- Opening Delimiter -

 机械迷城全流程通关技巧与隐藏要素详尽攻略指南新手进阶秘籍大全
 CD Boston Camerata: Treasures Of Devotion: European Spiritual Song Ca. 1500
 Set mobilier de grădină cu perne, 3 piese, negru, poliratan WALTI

- Closing Delimiter -
- Opening Delimiter -

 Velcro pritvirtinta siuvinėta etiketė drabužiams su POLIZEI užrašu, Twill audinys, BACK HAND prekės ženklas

- Closing Delimiter -
- Opening Delimiter -

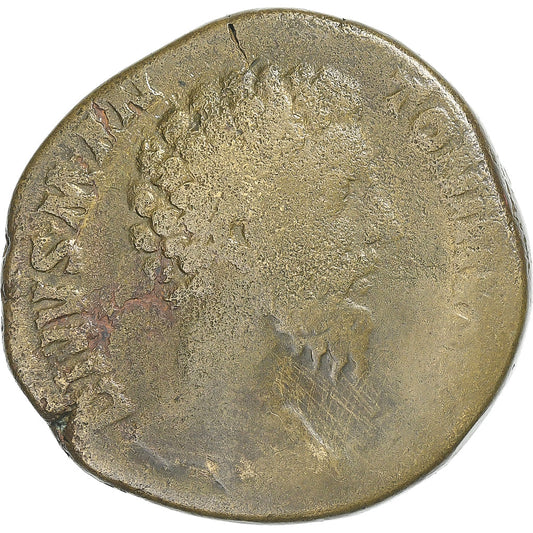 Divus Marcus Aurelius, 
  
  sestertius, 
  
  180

- Closing Delimiter -

Task description
In the listing above, find the line containing "机械迷城全流程通关技巧与隐藏要素详尽攻略指南新手进阶秘籍大全" and the line containing "Set mobilier de", then repeat those two lines and everything between them exactly.

Answer for the task
 机械迷城全流程通关技巧与隐藏要素详尽攻略指南新手进阶秘籍大全
 CD Boston Camerata: Treasures Of Devotion: European Spiritual Song Ca. 1500
 Set mobilier de grădină cu perne, 3 piese, negru, poliratan WALTI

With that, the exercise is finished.